Nowa „Planeta małp” odniesie się do ostatniej trylogii. Reżyser uspokaja
Ostatnie informacje na tematy nowej „Planeta małp” przygotowywanej pod dyktando Disneya sugerowały, że film będzie restartem serii niezwiązanym z zakończoną niedawno trylogią. Głos na temat nowego projektu zabrał właśnie jego reżyser, który uspokoił fanów przygód Cezara.

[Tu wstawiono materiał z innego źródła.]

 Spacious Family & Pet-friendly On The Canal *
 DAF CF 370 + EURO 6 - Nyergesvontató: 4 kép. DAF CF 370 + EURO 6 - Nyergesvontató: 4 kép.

Informacja o tym, że nowy film będzie ponownym uruchomieniem serii i nie zostanie powiązany z ostatnią trylogią, wywołała spore poruszenie wśród fanów przygód Cezara, w którego wcielał się Andy Serkis. Głos fanów dotarł między innymi do samego reżysera filmu, który nie chcąc zdradzać żadnych szczegółów na temat filmu, uspokoił miłośników poprzedniej serii i zapewnił, że jego film odniesie się do dziedzictwa Cezara.
Bez obaw, nie zepsuje tej niespodzianki, ale spokojnie mogę powiedzieć, że dziedzictwo Cezara będzie kontynuowane ...
Wygląda więc na to, że film nie będzie całkowitym restartem i w jakimś stopniu będzie kontynuował historię rozpoczętą przez poprzednie produkcje. Możliwe, że akcja zostanie osadzona w tym samym świecie, ale będzie rozgrywała się na wiele lat po wydarzeniach z ostatniej części pod tytułem „Wojna o planetę małp”, co będzie można uznać również za miękki restart franczyzy.
Prace na planie mają ruszyć jeszcze w tym roku, a premiery możemy spodziewać się na przełomie 2021 i 2022 roku. Do opracowania nowego filmu studio wybrało Wesa Balla, twórcę znanego głównie ze stworzenia filmowej serii „Więzień labiryntu”. Przy filmie jako scenograf będzie pracował stały współpracownik reżysera, Daniel Dorrance.